President Trump was impeached by the House of Representatives on December 18th, 2019, based on allegations stemming from a phone call with the Ukraine. Less than 2 months later, on February 5th, 2020, the Senate acquitted Donald Trump. Fast forward less than 1 year, and we have the unprecedented second impeachment of a sitting US President. This time former President Trump was impeached by the House less than 1 week before he left office, with a Senate trial not scheduled to begin until well after the ultimately peaceful transfer of power to the Biden administration. This impeachment raises the question: Can a president be impeached after leaving office?
Where Does Impeachment Power Come From?
The power to impeach is derived from Article II, Section 4 of the US Constitution. This section grants Congress the authority to remove the President, Vice President, and all civil officers of the United States from their stations for treason, bribery, or other high crimes and misdemeanors. As the many who followed Trump’s first impeachment are aware, the impeachment process is broken down into two phases.
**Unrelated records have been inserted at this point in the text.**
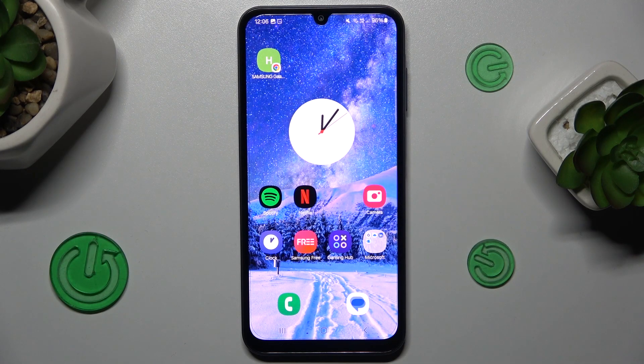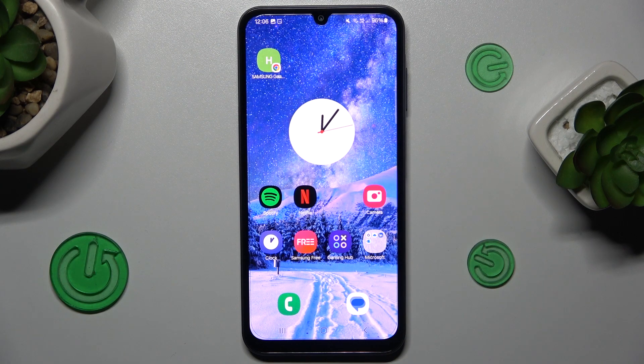Hi guys, today I have Samsung Galaxy A25 and I want to show you how to clear up cache and data on this device.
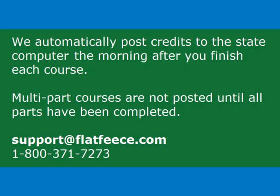We automatically post credits to the state computer the morning after you finish each course.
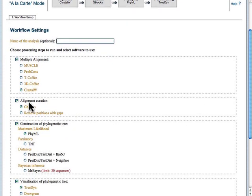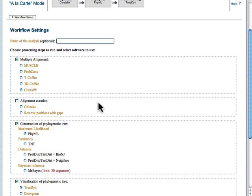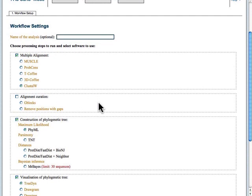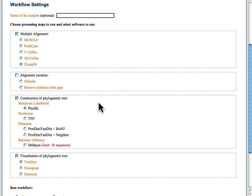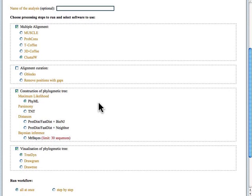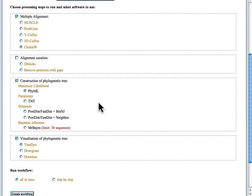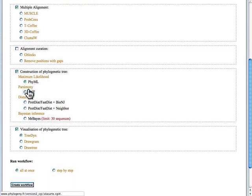The alignment curation step is something that I'm going to have us turn off, because these sequences are quite similar to each other. We should not need to manually curate those alignments at all.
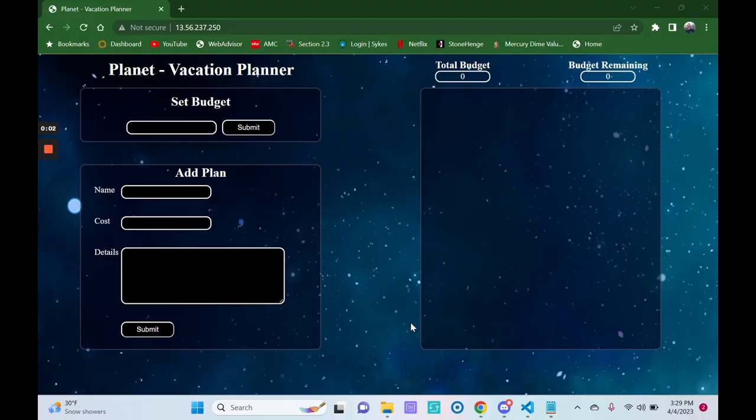Introducing Planet Vacation Planner, a simple place to store all of your travel plans in one location.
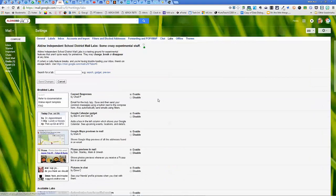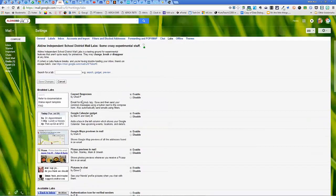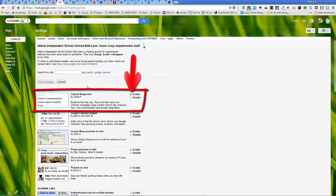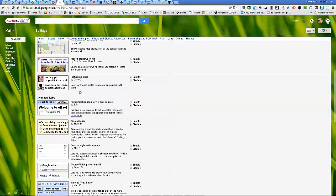Yours will probably be down here somewhere near the bottom, but find the one that says canned responses just like that. Go ahead and click enable. Once you've done that, you want to click save changes up on top.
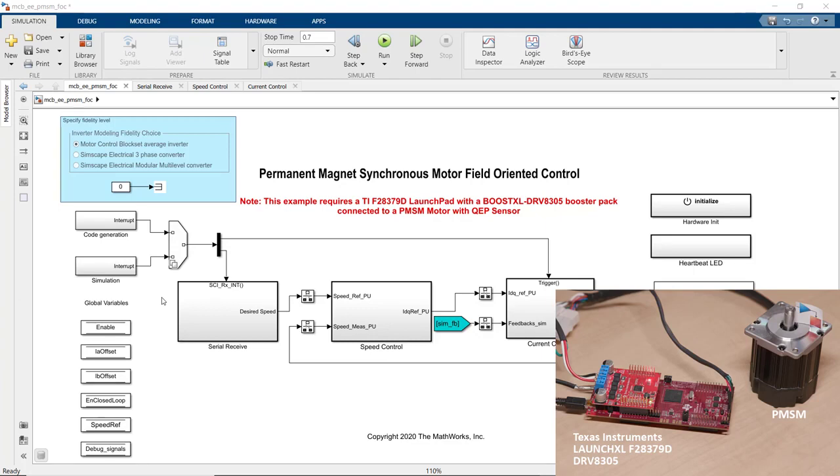In this video, we will see how to use Motor Control Block Set to implement field-oriented control for the brushless PMSM motor that we see here.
First, the House of Representatives must vote for impeachment, thereby formally alleging wrongdoing amounting to an impeachable offense. The case is then taken up by the US Senate, which holds a trial. If two-thirds of the senators vote guilty, then the individual is removed from office. Interestingly, according to the Senate impeachment process, the Senate may vote to bar the individual from holding office in the future. Per Senate procedures this vote is held after the vote on the impeachment trial itself.
Can You Impeach After the President Leaves Office?
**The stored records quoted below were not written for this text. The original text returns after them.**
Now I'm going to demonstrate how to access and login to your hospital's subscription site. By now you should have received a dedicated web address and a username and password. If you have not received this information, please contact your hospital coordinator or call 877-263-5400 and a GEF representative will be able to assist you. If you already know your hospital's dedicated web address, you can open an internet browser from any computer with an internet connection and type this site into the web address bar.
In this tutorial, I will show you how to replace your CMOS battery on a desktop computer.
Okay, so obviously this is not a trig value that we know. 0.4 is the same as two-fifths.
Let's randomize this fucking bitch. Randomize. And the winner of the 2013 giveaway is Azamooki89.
OK, so we know how impeachments happen, and where the power to impeach comes from, but what about when a president is no longer the president at the time the Senate impeachment trial begins? The text of the US Constitution is silent on whether a president can be impeached after leaving office, however we know that the framers of the Constitution were aware that this was a possibility. At the time of the Constitutional Convention, the British were proceeding with the impeachment of Warren Hastings, 2 years after his resignation as governor of Bengal. While the delegates to the Convention made note of this impeachment, and there is no mention of any objection to the timing of the process. For any originalists out there in the mold of ex-justice Scalia, Justice Thomas, or Justice Coney Barrett, this seems to be strong evidence that a post-office impeachment is within the intent of the Constitution.
So that settles it, right? Not so fast. In law, you only look to the intent of the statute, or in this case the Constitution, if the plain text of the document is ambiguous. The plain text of the Constitution states that “[t]he President, Vice President, and all civil officers of the United States shall be removed from office on impeachment…and conviction.” Clearly the framers had removal in mind as a remedy for malfeasance, but does this necessarily foreclose impeachment after the individual has left office?
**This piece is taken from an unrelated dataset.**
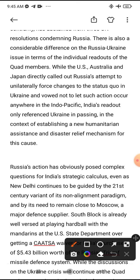There is another difference on the Russia-Ukraine issue in terms of individual readouts. While the US, Australia, and Japan directly called out Russia's attempt to unilaterally force changes to the status quo in Ukraine, and stated they would not let such actions occur anywhere in the Indo-Pacific, India's position differed.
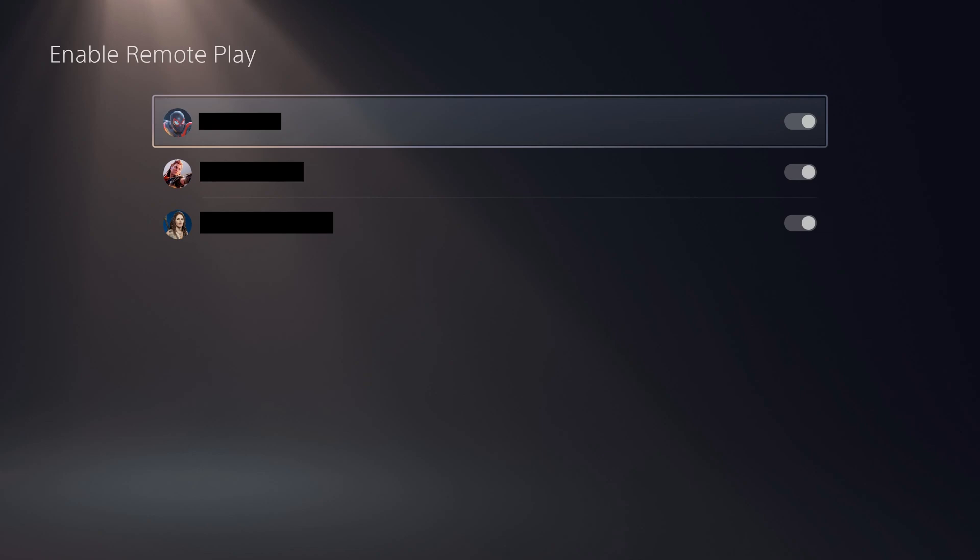You'll land on the Enable Remote Play screen where you'll see a list of all of the accounts capable of using Remote Play on this PlayStation 5 console.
We can look to history to shed some light on this phenomenon. Former President Richard Nixon faced an impeachment trial in the Senate when he resigned his post. The trial was dropped, President Ford pardoned him, and the country moved forward. This is the course of action that many current Republican senators propose as a proper end to Donald Trump’s second impeachment. However, President Nixon had already served 2 terms as president, and was not eligible to run again. In President Trump’s case, the potential consequence of being impeached include being barred from serving again. The potential prohibition on holding future office as a consequence of an impeachment trial would be a penalty available to be used against President Trump, but was unavailable to those prosecuting President Nixon.
There is also the argument that impeachment is a mechanism given to the republic by the framers of the Constitution in order to allow the republic to hold government officials accountable for their conduct. Once could easily imagine a scenario where an elected official commits impeachable, but not criminal, offenses, then resigns to escape responsibility. In that scenario is it in society’s interest to have the ability to punish those offenses, specifically by taking away the ability in the future to hold public offices where such acts might be repeated?
The Belknap Impeachment
While there is no precedent in America for impeachment of a president after leaving office, one US official did face impeachment after resigning his post. In 1876 Secretary of War William Belknap was investigated for taking bribes in his official capacity. The investigating committee delivered a recommendation to the House that Secretary Belknap be impeached despite knowledge that the Secretary had resigned hours earlier.
The Belknap case was strikingly similar to the current impeachment case against Donald Trump. The House debated its ability to impeach after Belknap left office, ultimately impeaching the Secretary. The debate then moved to the Senate, where Secretary Belknap asserted that because he was now a private citizen, the Senate lacked the jurisdiction to bring him to trial for impeachment. The Senate debated for 3 days on strictly the jurisdictional argument of whether they had the ability to proceed with the trial. After 2 weeks of deliberation, by a vote of 37-29, the Senate found that they did have the ability to bring Secretary Belknap to an impeachment trial. This decision cemented the Senate’s view that they were able to impeach individuals who were no longer in office.
Continuing the parallel between Belknap and Trump, in Belknap’s case the Senate could not muster the two-thirds majority needed to convict. A number of senators voted to acquit based on their belief that the chamber lacked jurisdiction over a civil servant no longer in office. Multiple senators today have made statements that they plan to acquit Donald Trump on the same rationale.
Precedent is a driving force in American jurisprudence, and it seems likely that President Trump, willingly or unwillingly, will follow the path blazed by Secretary Belknap. The Senate set the precedent allowing impeachment trials even after an individual leaves office, and it seems unlikely that Congress or today’s Supreme Court will overturn that decision from over a century ago.